NORTH CANTON — Retired Kent State University astronomy professor Richard Emmons can add one more distinction to his legacy. The International Astronomical Union has named an asteroid for him. “Emmons” is a rock about 10 miles across that circles the sun once every 3.4 years, at an average distance of about 210 million miles. Astronomers rate it about magnitude 13, too faint to be seen with the naked eye. But it can be seen with a telescope. And Stark County’s “Mr. Astronomy,” now 81, says he hopes to view the asteroid on its next closest pass to the Earth in August 2002, when it will be a mere 68 million miles away.

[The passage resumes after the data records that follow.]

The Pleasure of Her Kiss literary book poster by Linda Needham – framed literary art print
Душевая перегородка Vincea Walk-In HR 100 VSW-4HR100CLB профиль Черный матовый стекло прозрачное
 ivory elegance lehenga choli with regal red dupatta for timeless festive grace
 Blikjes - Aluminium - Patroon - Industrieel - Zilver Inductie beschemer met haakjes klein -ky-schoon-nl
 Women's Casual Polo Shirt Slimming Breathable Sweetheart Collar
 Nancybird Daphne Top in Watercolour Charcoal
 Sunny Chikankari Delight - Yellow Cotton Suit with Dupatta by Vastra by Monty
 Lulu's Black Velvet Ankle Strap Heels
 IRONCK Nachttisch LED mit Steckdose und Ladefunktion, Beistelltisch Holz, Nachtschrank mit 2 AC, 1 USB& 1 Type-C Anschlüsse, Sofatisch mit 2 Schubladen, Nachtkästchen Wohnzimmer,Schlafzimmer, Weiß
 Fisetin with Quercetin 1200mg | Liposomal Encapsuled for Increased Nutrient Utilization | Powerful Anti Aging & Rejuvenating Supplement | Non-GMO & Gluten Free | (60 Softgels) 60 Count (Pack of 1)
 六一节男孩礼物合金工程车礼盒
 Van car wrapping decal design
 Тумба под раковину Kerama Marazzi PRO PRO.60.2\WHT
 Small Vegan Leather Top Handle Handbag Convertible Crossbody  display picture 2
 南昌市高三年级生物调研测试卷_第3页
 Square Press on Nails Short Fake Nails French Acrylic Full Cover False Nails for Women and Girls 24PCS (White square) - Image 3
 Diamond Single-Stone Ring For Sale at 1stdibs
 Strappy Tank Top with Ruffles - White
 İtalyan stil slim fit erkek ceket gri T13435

“It’s a proud moment,” said Emmons, after learning of the honor. His
name was proposed by Eleanor Helin, principal investigator of the near-Earth
asteroid tracking program for NASA’s Jet Propulsion Laboratory at the California
Institute of Technology. It was supported by Brian Marsden, director of
the Minor Planet Center at the Smithsonian Astrophysical Observatory at
Cambridge, Mass. Emmons, who met Helin when she spoke in April in Cleveland,
told her that his lifelong interest in astronomy was sparked by a 1932
Popular Science magazine article about an asteroid that passed close to
the Earth. “I said to myself, ‘Wow,’ ” he recalls. “ ‘Somebody ought to
keep track of these mountains on the loose.’ ” Helin said Emmons’ lifelong
contributions to amateur astronomy and his status as a highly regarded
emeritus professor were among factors that persuaded her to consider him.
“It sounded like a person who deserved a heavenly body,” she said. “A number
of his students have become very well known in their own right. He is a
person who inspired a lot of people, even to his own family.”
Emmons’ son, Thomas, teaches physics and astronomy and is co-director of the planetarium at KSU’s main campus. His daughter, Jeanne Bishop, was twice president of the International Planetarium Society, was the original director of the Hoover-Price Planetarium at Canton’s McKinley Museum and is a board member of the Astronomical Society of the Pacific. She is a planetarium teacher and director for Westlake public schools in Cuyahoga County.
Area astronomers applauded Emmons’ honor. David Ross, planetarium coordinator
for the Wilderness Center Astronomy Club, said it is “a fitting tribute
to somebody (who has) contributed as an amateur astronomer greatly over
James Rodman, professor emeritus of physics and astronomy and director of the Clarke Observatory at Mount Union College, said Emmons “richly deserves” the honor.
More than 35 years ago, Emmons operated the popular North Canton Planetarium out of a garage behind his home. It drew an estimated 20,000 people over a period of about 10 years. He formerly tracked satellites and was instrumental in determining that “space dust” wouldn’t rapidly erode satellites and optical surfaces in space.
Marsden said the International Astronomical Union has officially numbered about 15,000 asteroids with well-known orbits. Most are located in the so-called asteroid belt between Mars and Jupiter, a ring of debris many scientists believe is left from a planet that failed to coalesce. About 250 asteroids are considered “potentially hazardous” because their orbits pass within 5 million miles of Earth’s orbit. But Marsden said the possibility of a strike that causes serious damage is remote.
“Emmons” never crosses Earth’s path.
“Emmons doesn’t threaten anybody,” said its namesake.